When to Remove Outliers and When to Keep Them

You should remove outliers only when you have a clear, documentable reason that the data point doesn’t belong, such as a measurement error, equipment malfunction, or data entry mistake. Simply being far from the mean is not enough. Removing outliers without justification inflates your false positive rate and can turn nonsignificant results into misleadingly “significant” ones.

Legitimate Reasons to Remove a Data Point

The strongest case for removal is when you can trace the outlier back to a specific error. A sensor that malfunctioned during recording, a decimal point entered in the wrong place, a test subject who received the wrong treatment, or a sample contaminated by an unrelated process. In each of these cases, the data point doesn’t reflect what you were trying to measure. It’s not an extreme value from your population; it’s a mistake.

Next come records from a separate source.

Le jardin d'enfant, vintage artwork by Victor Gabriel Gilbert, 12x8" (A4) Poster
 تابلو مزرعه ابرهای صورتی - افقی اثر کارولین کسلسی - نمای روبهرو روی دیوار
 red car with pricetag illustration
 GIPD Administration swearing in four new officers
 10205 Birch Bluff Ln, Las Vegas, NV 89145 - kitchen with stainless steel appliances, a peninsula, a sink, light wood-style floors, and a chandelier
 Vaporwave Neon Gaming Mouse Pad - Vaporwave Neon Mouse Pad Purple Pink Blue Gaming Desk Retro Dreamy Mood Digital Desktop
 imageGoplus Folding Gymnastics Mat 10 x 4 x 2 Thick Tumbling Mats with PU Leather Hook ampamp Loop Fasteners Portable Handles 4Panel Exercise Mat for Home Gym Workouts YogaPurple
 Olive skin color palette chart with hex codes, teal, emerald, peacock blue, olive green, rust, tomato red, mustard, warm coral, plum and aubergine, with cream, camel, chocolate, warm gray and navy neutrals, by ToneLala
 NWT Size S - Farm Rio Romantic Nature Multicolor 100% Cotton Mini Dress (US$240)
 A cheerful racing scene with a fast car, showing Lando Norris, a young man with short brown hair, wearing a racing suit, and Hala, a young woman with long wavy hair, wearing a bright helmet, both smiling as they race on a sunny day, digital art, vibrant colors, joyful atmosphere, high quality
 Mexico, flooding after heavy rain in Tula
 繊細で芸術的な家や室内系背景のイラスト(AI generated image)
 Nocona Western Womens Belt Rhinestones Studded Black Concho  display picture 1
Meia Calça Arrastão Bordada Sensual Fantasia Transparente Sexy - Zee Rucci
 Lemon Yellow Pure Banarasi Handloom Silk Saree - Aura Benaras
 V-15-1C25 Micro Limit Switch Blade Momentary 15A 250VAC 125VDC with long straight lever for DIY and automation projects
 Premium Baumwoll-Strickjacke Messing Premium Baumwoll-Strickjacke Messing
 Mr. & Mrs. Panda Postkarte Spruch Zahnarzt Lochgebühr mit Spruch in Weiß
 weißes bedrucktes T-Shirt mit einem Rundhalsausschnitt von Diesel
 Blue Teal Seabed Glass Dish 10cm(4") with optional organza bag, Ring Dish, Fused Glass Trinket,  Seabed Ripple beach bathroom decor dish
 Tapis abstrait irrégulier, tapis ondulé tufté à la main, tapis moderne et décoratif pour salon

Readings outside a physically plausible range also qualify. If you’re measuring human body temperatures and one reading says 180°F, that’s clearly an instrument error. The ARRIVE guidelines for research reporting list equipment miscalibration, sampling errors, and human mistakes like forgetting to switch on recording equipment as scientifically justifiable reasons for exclusion.

The key distinction is between responsible data cleaning and data manipulation. If you can explain why a value is wrong (not just unusual), removal is appropriate. If you’re removing it because it makes your results look better, that’s a problem.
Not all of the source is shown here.